Good day, friends and followers! Today, just days before my birthday, we are full of good spirits and good news. You may have noticed that our speed has picked up nicely in the last 24 hours and may be thinking we finally made it to the trade winds. If you thought that, you would be wrong. While it’s true that we are in position to take advantage of the trades, a weather system has dropped the winds to low single digits. It’s nice to row in, but it’s not helping us any. What has changed is this: As promised, Sami went to work on our broken electronics yesterday. It seems that it wasn’t faulty wiring causing the problems as we expected, but the GPS. Sami nearly gave up after spending two hours in the cabin, but tried removing the GPS and switching sockets, and by god it worked! Now the autopilot is back in action. This may seem like a small luxury to you, but let me tell you, trying to get this boat steadily in the right direction without an auto-helm or foot-steering is nearly impossible, and we have spent a lot of time rowing in the wrong direction (or not exactly the right one) because of it. I was so happy when Sami fixed it that I literally cried.
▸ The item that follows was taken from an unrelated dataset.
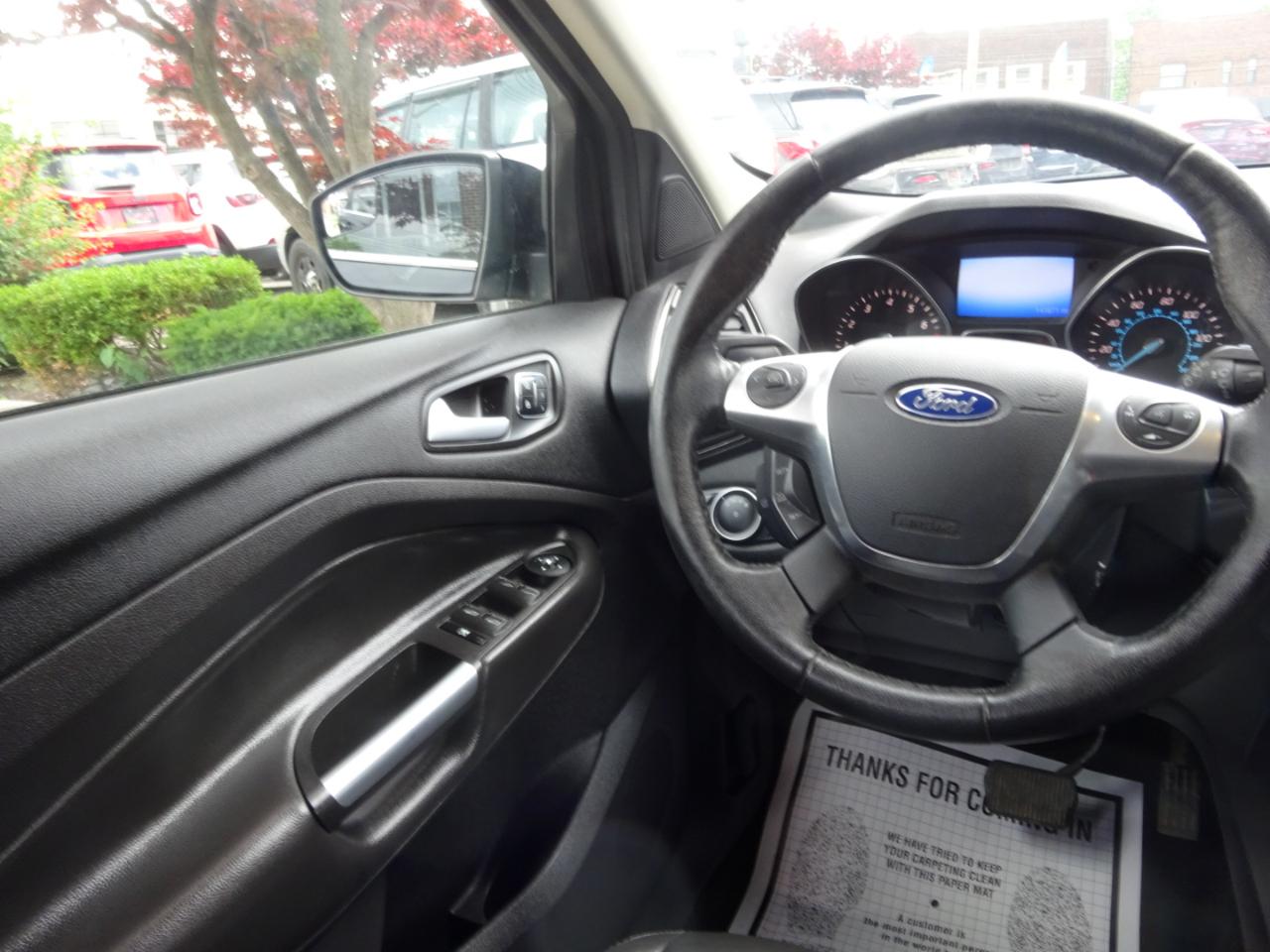 Ford Escape 4WD 4dr Titanium 2013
I’m not kidding, I have never before been that happy.
Well, today I got the best birthday presents ever! Not only did we just cross the 1,000-mile (to go) mark, but we also crossed 140 degrees west, so we only have 17 left. We are celebrating between rowing blocks. Every few hours Sami treats me to another surprise, songs sung by friends and birthday wishes he collected prior to our departure, raw treats, and pictures of Teddy (our dog). It feels like we are beginning the (long) home stretch, a truly exciting feeling. More exciting than that is our upcoming cleaning day (tomorrow), in which I’m going to air out our mattress and sleeping bags, disinfect the cabin, and wash my hair. I can’t wait!
The weather continues to play against us, with zero wind, and any wind that does come, coming from the side. We are making a lot less progress than we’d like, but you can’t control these things, so we continue to focus on what we are putting in, not what we are getting out. The skies and sea are beautiful in this weather, one light and the other dark sapphire blue that glitters under the oars and in the trail where the boat has traveled. Occasionally, a stormy cloud will pass overhead, and the winds will suddenly pick up while we are beneath it. These moments are bliss, as the days are increasingly hot and sweaty.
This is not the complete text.